#### [Required action]
In full and without alteration, transcribe the listing.

BEGIN Data for the task

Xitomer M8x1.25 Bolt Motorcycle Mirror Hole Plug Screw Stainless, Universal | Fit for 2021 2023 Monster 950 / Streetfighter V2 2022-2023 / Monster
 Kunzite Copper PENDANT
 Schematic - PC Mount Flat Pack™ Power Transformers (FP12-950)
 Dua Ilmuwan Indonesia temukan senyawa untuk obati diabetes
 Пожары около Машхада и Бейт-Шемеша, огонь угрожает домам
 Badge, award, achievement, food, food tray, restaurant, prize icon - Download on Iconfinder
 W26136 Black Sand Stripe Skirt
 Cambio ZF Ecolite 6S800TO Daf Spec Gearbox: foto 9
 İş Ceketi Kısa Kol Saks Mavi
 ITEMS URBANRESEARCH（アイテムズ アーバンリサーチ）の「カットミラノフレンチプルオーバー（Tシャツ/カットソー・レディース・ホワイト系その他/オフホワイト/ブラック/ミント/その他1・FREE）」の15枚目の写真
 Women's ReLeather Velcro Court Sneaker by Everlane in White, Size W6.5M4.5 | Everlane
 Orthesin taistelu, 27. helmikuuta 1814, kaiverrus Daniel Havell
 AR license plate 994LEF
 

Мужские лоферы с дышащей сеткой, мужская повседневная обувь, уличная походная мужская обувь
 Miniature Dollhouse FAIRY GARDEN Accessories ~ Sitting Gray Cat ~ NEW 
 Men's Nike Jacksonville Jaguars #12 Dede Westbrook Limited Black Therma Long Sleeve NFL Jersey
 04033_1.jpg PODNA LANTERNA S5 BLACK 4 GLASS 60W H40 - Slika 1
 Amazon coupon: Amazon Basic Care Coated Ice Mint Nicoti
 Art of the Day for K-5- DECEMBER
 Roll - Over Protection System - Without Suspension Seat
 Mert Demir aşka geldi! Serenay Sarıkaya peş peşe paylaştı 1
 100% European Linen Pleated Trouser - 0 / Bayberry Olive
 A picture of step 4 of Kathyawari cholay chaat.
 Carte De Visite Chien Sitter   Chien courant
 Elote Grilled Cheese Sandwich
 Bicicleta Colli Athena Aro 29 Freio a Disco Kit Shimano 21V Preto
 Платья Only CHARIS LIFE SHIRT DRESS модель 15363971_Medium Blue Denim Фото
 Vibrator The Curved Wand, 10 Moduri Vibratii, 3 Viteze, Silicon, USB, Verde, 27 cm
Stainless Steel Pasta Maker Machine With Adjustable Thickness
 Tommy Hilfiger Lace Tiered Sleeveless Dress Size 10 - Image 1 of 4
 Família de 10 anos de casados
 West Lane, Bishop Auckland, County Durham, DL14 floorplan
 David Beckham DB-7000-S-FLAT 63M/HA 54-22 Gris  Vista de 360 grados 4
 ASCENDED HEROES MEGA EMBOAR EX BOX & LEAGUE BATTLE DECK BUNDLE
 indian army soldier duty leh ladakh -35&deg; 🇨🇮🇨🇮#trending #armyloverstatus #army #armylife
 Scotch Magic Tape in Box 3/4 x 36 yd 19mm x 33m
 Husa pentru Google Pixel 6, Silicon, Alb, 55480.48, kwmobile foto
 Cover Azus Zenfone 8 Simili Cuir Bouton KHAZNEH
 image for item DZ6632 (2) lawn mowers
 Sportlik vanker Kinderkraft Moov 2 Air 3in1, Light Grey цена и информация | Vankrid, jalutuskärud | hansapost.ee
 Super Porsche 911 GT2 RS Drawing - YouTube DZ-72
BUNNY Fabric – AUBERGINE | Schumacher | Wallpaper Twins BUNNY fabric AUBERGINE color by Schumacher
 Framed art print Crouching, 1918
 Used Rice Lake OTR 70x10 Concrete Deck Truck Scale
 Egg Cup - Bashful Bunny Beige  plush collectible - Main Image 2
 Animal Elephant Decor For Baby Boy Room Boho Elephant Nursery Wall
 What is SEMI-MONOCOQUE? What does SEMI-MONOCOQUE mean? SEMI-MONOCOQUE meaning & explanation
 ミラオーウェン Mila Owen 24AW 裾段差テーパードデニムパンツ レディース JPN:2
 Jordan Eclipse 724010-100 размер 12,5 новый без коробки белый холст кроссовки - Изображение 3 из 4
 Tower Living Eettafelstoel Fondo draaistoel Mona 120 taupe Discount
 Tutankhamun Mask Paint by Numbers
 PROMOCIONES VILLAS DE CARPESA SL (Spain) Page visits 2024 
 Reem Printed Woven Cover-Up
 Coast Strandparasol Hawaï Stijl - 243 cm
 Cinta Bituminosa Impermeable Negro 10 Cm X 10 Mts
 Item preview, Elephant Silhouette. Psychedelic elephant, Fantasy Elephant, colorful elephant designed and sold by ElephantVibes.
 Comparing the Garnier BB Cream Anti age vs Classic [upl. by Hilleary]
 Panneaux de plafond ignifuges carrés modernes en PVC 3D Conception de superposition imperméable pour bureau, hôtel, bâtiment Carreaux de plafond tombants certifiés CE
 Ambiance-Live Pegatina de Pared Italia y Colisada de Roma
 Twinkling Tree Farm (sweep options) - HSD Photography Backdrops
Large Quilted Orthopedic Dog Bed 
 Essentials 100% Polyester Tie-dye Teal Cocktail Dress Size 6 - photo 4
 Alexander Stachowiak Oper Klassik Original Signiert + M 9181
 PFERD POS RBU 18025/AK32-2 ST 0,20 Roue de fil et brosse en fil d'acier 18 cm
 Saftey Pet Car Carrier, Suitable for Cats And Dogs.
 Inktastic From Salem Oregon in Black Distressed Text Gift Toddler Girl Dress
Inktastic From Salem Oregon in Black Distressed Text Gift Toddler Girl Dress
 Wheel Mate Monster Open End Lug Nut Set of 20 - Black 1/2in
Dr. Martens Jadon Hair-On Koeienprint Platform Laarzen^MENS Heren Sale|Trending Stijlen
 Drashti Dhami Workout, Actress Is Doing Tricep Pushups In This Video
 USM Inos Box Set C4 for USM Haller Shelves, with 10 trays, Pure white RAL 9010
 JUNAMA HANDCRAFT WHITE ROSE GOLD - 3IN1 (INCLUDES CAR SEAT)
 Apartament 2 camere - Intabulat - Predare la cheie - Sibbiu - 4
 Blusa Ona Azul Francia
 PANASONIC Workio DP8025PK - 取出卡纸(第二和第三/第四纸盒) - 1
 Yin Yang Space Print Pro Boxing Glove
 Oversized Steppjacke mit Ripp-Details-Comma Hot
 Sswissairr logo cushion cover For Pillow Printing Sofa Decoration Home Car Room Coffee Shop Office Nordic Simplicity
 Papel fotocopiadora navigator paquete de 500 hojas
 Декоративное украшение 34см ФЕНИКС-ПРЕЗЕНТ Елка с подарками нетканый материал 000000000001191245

END Data for the task

#### [Task answer]
Xitomer M8x1.25 Bolt Motorcycle Mirror Hole Plug Screw Stainless, Universal | Fit for 2021 2023 Monster 950 / Streetfighter V2 2022-2023 / Monster
 Kunzite Copper PENDANT
 Schematic - PC Mount Flat Pack™ Power Transformers (FP12-950)
 Dua Ilmuwan Indonesia temukan senyawa untuk obati diabetes
 Пожары около Машхада и Бейт-Шемеша, огонь угрожает домам
 Badge, award, achievement, food, food tray, restaurant, prize icon - Download on Iconfinder
 W26136 Black Sand Stripe Skirt
 Cambio ZF Ecolite 6S800TO Daf Spec Gearbox: foto 9
 İş Ceketi Kısa Kol Saks Mavi
 ITEMS URBANRESEARCH（アイテムズ アーバンリサーチ）の「カットミラノフレンチプルオーバー（Tシャツ/カットソー・レディース・ホワイト系その他/オフホワイト/ブラック/ミント/その他1・FREE）」の15枚目の写真
 Women's ReLeather Velcro Court Sneaker by Everlane in White, Size W6.5M4.5 | Everlane
 Orthesin taistelu, 27. helmikuuta 1814, kaiverrus Daniel Havell
 AR license plate 994LEF
 

Мужские лоферы с дышащей сеткой, мужская повседневная обувь, уличная походная мужская обувь
 Miniature Dollhouse FAIRY GARDEN Accessories ~ Sitting Gray Cat ~ NEW 
 Men's Nike Jacksonville Jaguars #12 Dede Westbrook Limited Black Therma Long Sleeve NFL Jersey
 04033_1.jpg PODNA LANTERNA S5 BLACK 4 GLASS 60W H40 - Slika 1
 Amazon coupon: Amazon Basic Care Coated Ice Mint Nicoti
 Art of the Day for K-5- DECEMBER
 Roll - Over Protection System - Without Suspension Seat
 Mert Demir aşka geldi! Serenay Sarıkaya peş peşe paylaştı 1
 100% European Linen Pleated Trouser - 0 / Bayberry Olive
 A picture of step 4 of Kathyawari cholay chaat.
 Carte De Visite Chien Sitter   Chien courant
 Elote Grilled Cheese Sandwich
 Bicicleta Colli Athena Aro 29 Freio a Disco Kit Shimano 21V Preto
 Платья Only CHARIS LIFE SHIRT DRESS модель 15363971_Medium Blue Denim Фото
 Vibrator The Curved Wand, 10 Moduri Vibratii, 3 Viteze, Silicon, USB, Verde, 27 cm
Stainless Steel Pasta Maker Machine With Adjustable Thickness
 Tommy Hilfiger Lace Tiered Sleeveless Dress Size 10 - Image 1 of 4
 Família de 10 anos de casados
 West Lane, Bishop Auckland, County Durham, DL14 floorplan
 David Beckham DB-7000-S-FLAT 63M/HA 54-22 Gris  Vista de 360 grados 4
 ASCENDED HEROES MEGA EMBOAR EX BOX & LEAGUE BATTLE DECK BUNDLE
 indian army soldier duty leh ladakh -35&deg; 🇨🇮🇨🇮#trending #armyloverstatus #army #armylife
 Scotch Magic Tape in Box 3/4 x 36 yd 19mm x 33m
 Husa pentru Google Pixel 6, Silicon, Alb, 55480.48, kwmobile foto
 Cover Azus Zenfone 8 Simili Cuir Bouton KHAZNEH
 image for item DZ6632 (2) lawn mowers
 Sportlik vanker Kinderkraft Moov 2 Air 3in1, Light Grey цена и информация | Vankrid, jalutuskärud | hansapost.ee
 Super Porsche 911 GT2 RS Drawing - YouTube DZ-72
BUNNY Fabric – AUBERGINE | Schumacher | Wallpaper Twins BUNNY fabric AUBERGINE color by Schumacher
 Framed art print Crouching, 1918
 Used Rice Lake OTR 70x10 Concrete Deck Truck Scale
 Egg Cup - Bashful Bunny Beige  plush collectible - Main Image 2
 Animal Elephant Decor For Baby Boy Room Boho Elephant Nursery Wall
 What is SEMI-MONOCOQUE? What does SEMI-MONOCOQUE mean? SEMI-MONOCOQUE meaning & explanation
 ミラオーウェン Mila Owen 24AW 裾段差テーパードデニムパンツ レディース JPN:2
 Jordan Eclipse 724010-100 размер 12,5 новый без коробки белый холст кроссовки - Изображение 3 из 4
 Tower Living Eettafelstoel Fondo draaistoel Mona 120 taupe Discount
 Tutankhamun Mask Paint by Numbers
 PROMOCIONES VILLAS DE CARPESA SL (Spain) Page visits 2024 
 Reem Printed Woven Cover-Up
 Coast Strandparasol Hawaï Stijl - 243 cm
 Cinta Bituminosa Impermeable Negro 10 Cm X 10 Mts
 Item preview, Elephant Silhouette. Psychedelic elephant, Fantasy Elephant, colorful elephant designed and sold by ElephantVibes.
 Comparing the Garnier BB Cream Anti age vs Classic [upl. by Hilleary]
 Panneaux de plafond ignifuges carrés modernes en PVC 3D Conception de superposition imperméable pour bureau, hôtel, bâtiment Carreaux de plafond tombants certifiés CE
 Ambiance-Live Pegatina de Pared Italia y Colisada de Roma
 Twinkling Tree Farm (sweep options) - HSD Photography Backdrops
Large Quilted Orthopedic Dog Bed 
 Essentials 100% Polyester Tie-dye Teal Cocktail Dress Size 6 - photo 4
 Alexander Stachowiak Oper Klassik Original Signiert + M 9181
 PFERD POS RBU 18025/AK32-2 ST 0,20 Roue de fil et brosse en fil d'acier 18 cm
 Saftey Pet Car Carrier, Suitable for Cats And Dogs.
 Inktastic From Salem Oregon in Black Distressed Text Gift Toddler Girl Dress
Inktastic From Salem Oregon in Black Distressed Text Gift Toddler Girl Dress
 Wheel Mate Monster Open End Lug Nut Set of 20 - Black 1/2in
Dr. Martens Jadon Hair-On Koeienprint Platform Laarzen^MENS Heren Sale|Trending Stijlen
 Drashti Dhami Workout, Actress Is Doing Tricep Pushups In This Video
 USM Inos Box Set C4 for USM Haller Shelves, with 10 trays, Pure white RAL 9010
 JUNAMA HANDCRAFT WHITE ROSE GOLD - 3IN1 (INCLUDES CAR SEAT)
 Apartament 2 camere - Intabulat - Predare la cheie - Sibbiu - 4
 Blusa Ona Azul Francia
 PANASONIC Workio DP8025PK - 取出卡纸(第二和第三/第四纸盒) - 1
 Yin Yang Space Print Pro Boxing Glove
 Oversized Steppjacke mit Ripp-Details-Comma Hot
 Sswissairr logo cushion cover For Pillow Printing Sofa Decoration Home Car Room Coffee Shop Office Nordic Simplicity
 Papel fotocopiadora navigator paquete de 500 hojas
 Декоративное украшение 34см ФЕНИКС-ПРЕЗЕНТ Елка с подарками нетканый материал 000000000001191245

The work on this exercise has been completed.